━━━ Source information ━━━

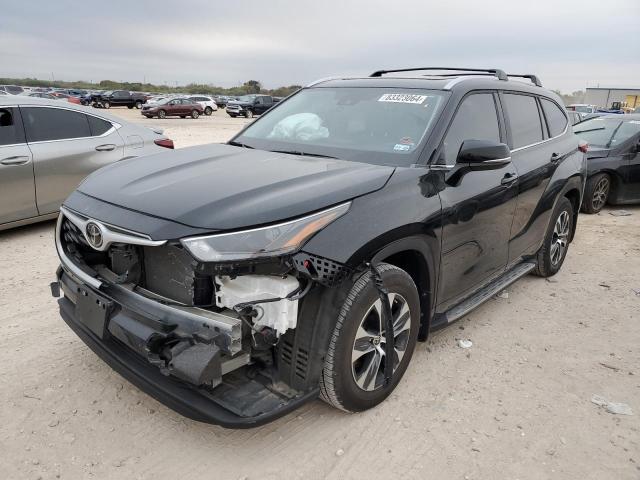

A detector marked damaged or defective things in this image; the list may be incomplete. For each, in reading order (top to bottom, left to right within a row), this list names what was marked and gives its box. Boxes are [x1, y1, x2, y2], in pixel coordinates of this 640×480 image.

damaged front bumper [55, 268, 320, 430]
crushed front end [53, 204, 352, 426]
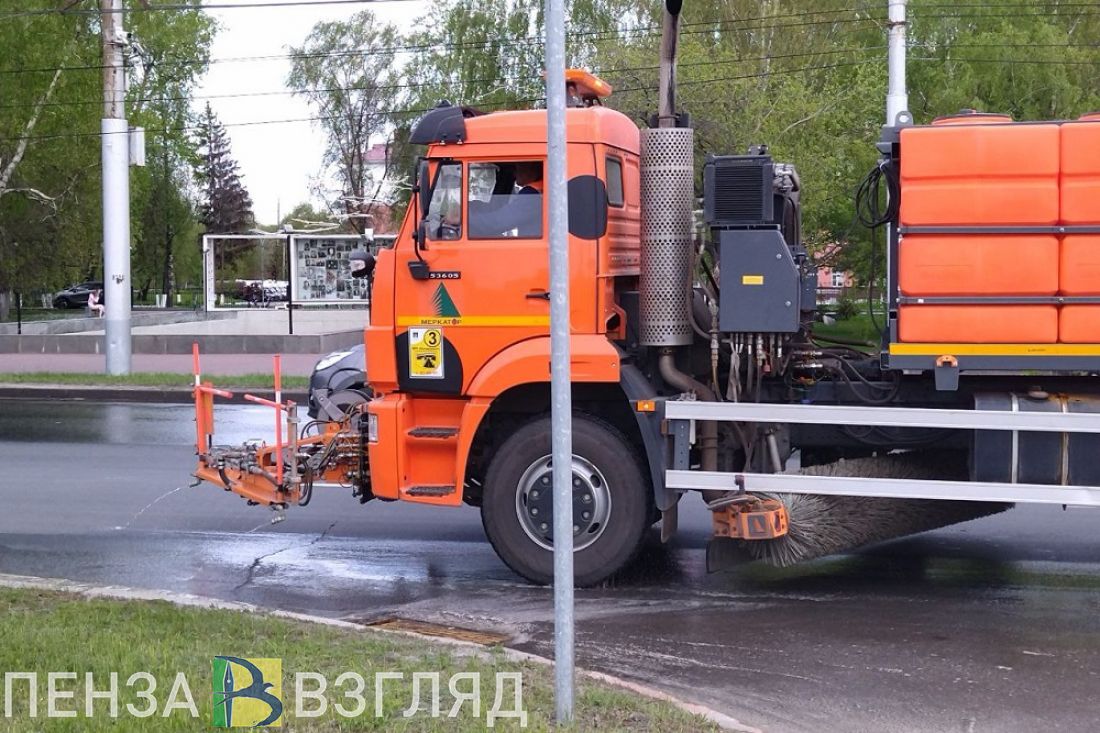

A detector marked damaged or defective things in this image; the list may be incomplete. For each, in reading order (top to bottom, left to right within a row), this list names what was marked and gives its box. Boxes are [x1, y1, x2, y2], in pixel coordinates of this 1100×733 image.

road surface crack [232, 521, 334, 589]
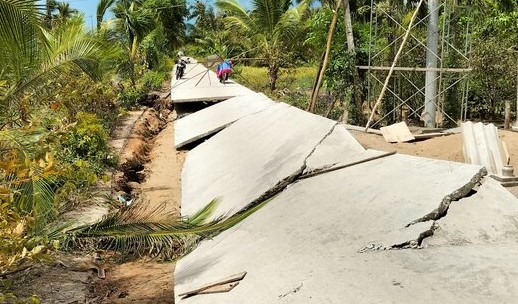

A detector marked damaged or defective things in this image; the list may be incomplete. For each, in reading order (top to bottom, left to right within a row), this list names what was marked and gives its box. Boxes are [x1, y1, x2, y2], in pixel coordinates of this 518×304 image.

cracked concrete slab [172, 63, 255, 103]
cracked concrete slab [176, 93, 274, 149]
cracked concrete slab [182, 103, 338, 220]
cracked concrete slab [177, 156, 494, 302]
cracked concrete slab [424, 178, 518, 247]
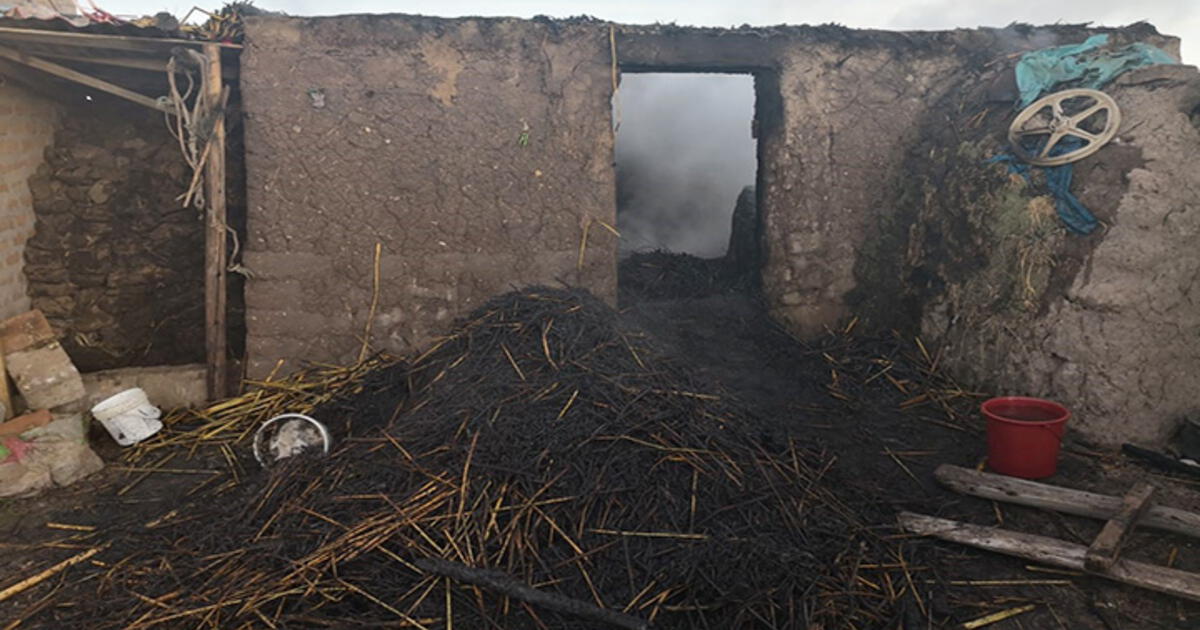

━━━

Exercise requirements => Leave every picture out and retype exactly the lines of the records above from the one holding "this 1100×733 image." through the last, both ends included and nothing besides.

Task answer =>
A detector marked damaged or defective things in this image; the list may be incomplete. For each, in reading order (top to bottom, left to right within a row), this list names what was marked and gives its box. Boxes are [x1, y1, x2, y2], in pixel coordinates of this 1100×733 image.

road surface crack [232, 521, 334, 589]

A detector marked damaged or defective things in this image; the list may be incomplete. For each, in reading order (top to bottom, left to right within a row), this list names what was marked and gives its box. Boxes are [x1, y1, x2, y2], in pixel coordinates of this 518×304 image.

cracked concrete slab [172, 63, 255, 103]
cracked concrete slab [176, 93, 274, 149]
cracked concrete slab [182, 103, 338, 220]
cracked concrete slab [177, 156, 494, 302]
cracked concrete slab [424, 178, 518, 247]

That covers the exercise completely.